PROBLEM TO WORK ON: From the entries below, transcribe exactly the lines between the line holding "Building Photo - 3" and the line holding "Used 2019 Ford", inclusive; skip all other lines.

DATA SUPPLIED:
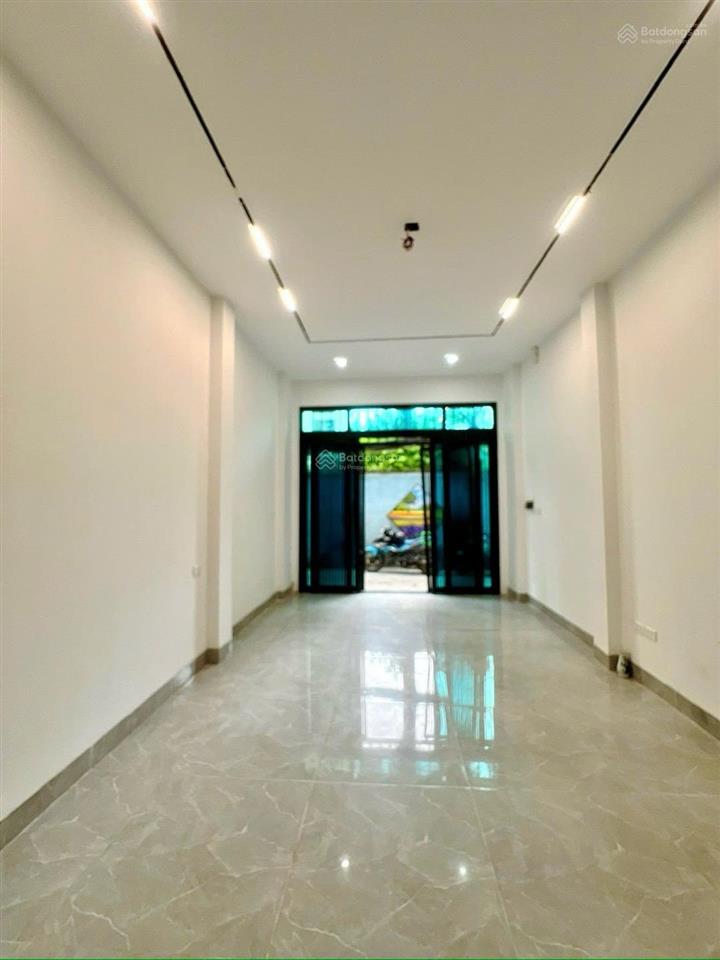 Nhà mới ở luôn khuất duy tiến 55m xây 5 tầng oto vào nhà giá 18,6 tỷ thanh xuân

* * *

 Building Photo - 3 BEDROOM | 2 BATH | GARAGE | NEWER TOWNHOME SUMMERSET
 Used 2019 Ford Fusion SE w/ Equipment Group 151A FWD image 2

EXERCISE SOLUTION:
 Building Photo - 3 BEDROOM | 2 BATH | GARAGE | NEWER TOWNHOME SUMMERSET
 Used 2019 Ford Fusion SE w/ Equipment Group 151A FWD image 2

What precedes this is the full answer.